None are lost throughout this passage, from the starting with the calling all the way to the end of the glorifying, which is past tense, actually, and an interesting topic for another day. What I want to point out here is that all these things working together in our life, they’re for good, assuming that we are in Christ, that we are Christians. Even though they don’t feel good, they are ultimately for good, so that momentary light affliction that Paul mentions, somewhat sarcastically, because as we look at Paul’s life and understand it, his suffering wasn’t very light in the way we would characterize it. From an eternal perspective, from a spiritual perspective, it was light, and it was momentary.

However, what Romans 8 puts into context from 2 Corinthians is that the suffering was working together for Paul’s good. What does that “good” look like? It looks like conformity to the image of God’s Son; it looks like conformity to Christ. What is the end goal of the Christian life? To bring Glory to God and also to be conformed to the image of His Son, of Jesus. There’s not a lick of happiness described in here. I would say that if this is our perspective, we are much more likely to be happy, or joyous at least, in the times of trials and testing and suffering, than we are if our perspective is always on what feels good in the here and now. 

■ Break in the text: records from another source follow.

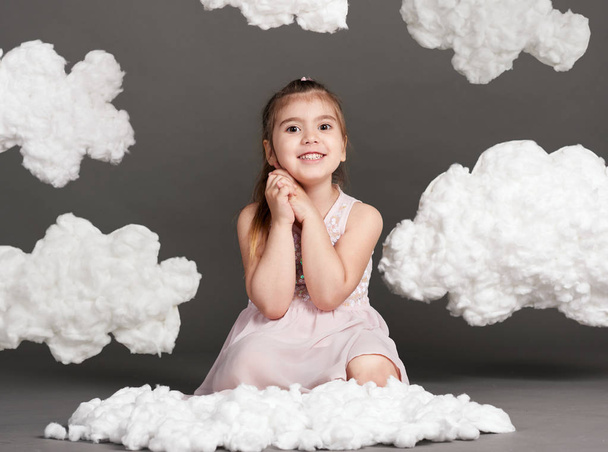 lány játék a felhőkkel, lövés a stúdióban egy szürke háttér - Fotó, kép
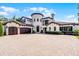 Expansive Mediterranean home featuring a three-car garage, brick driveway and elegant architectural details at 1517 Edenhall Pt, Lake Mary, FL 32746
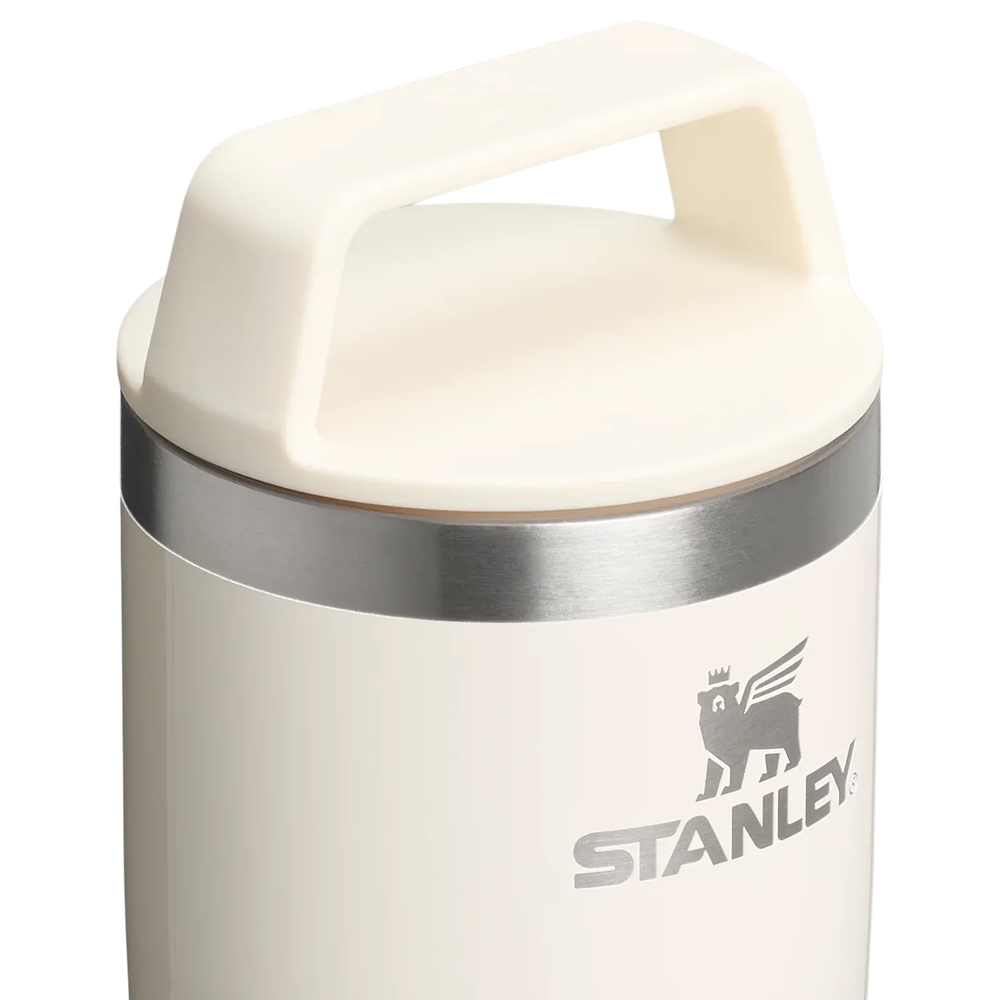 Stanley Cafe-To-Go Travel Mug 16 oz, white with stainless band; sturdy top handle for easy carrying.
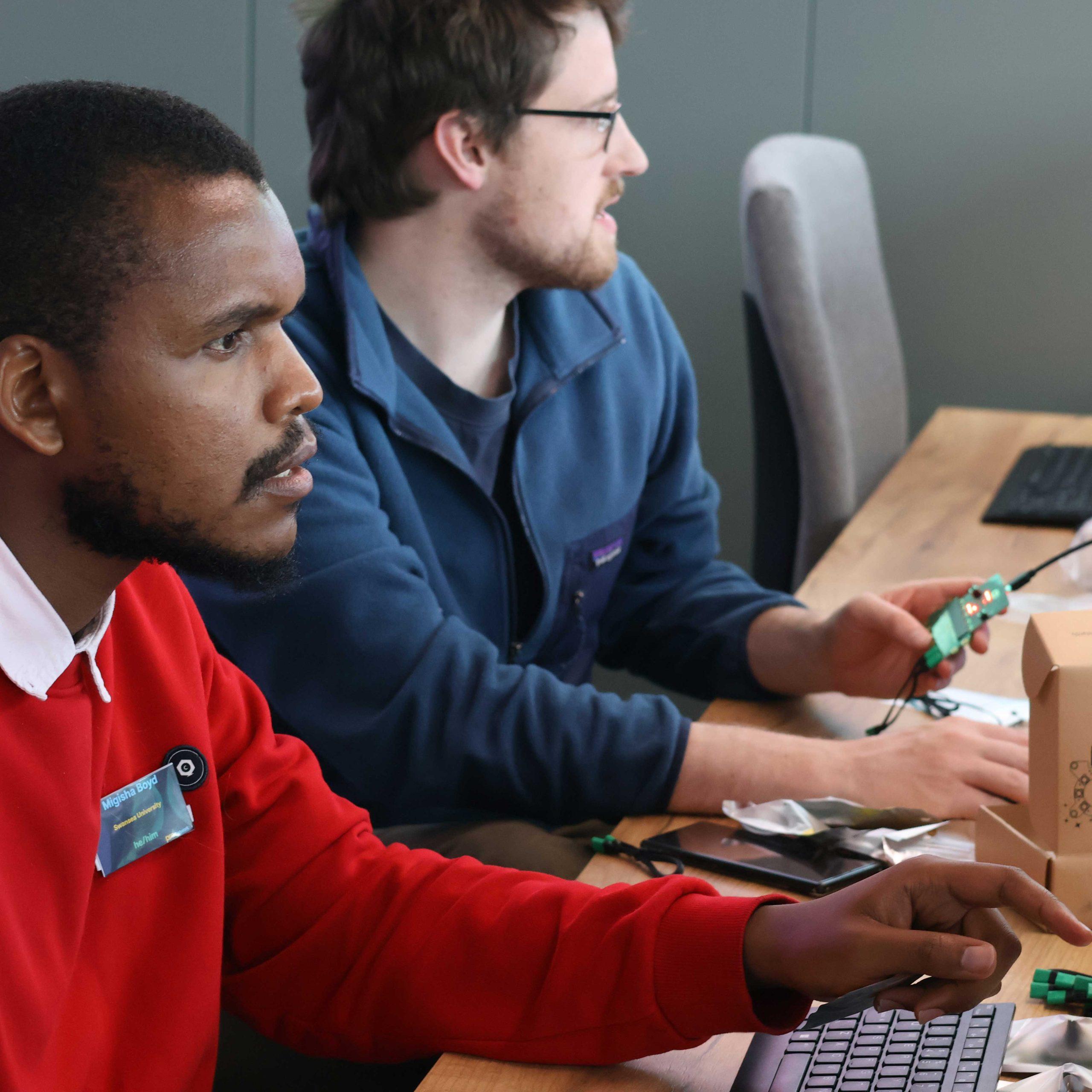 03 Two people sit in a computer lab holding electronics.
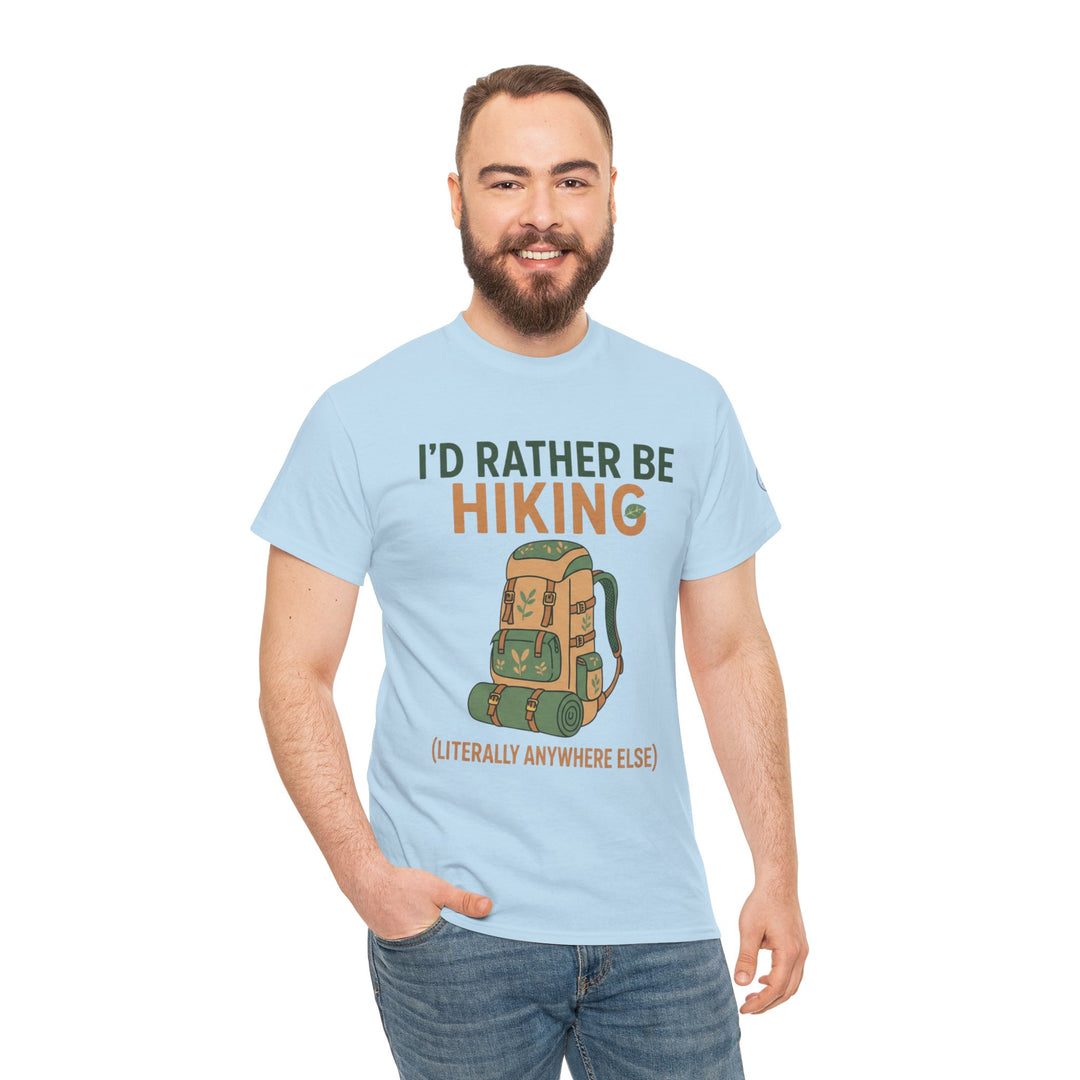 Light blue hiking-themed T-shirt by S&amp;W Gallus, featuring a cartoon backpack graphic and printed text, worn with blue jeans.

If our perspective is not eternal, if it’s not spiritual, if instead it’s earthly and immediate, we are not going to have the same level of happiness or joy. When we give up this idea and stop clinging to what is physical and momentary for the right now, and we look at the eternal and the immaterial, we actually gain that which we were trying to hold on to before. We gain the happiness and the joy now by letting go of trying to achieve it now, because we understand that everything that is important, that will ultimately bring us joy in an eternal sense, is gained in Christ. 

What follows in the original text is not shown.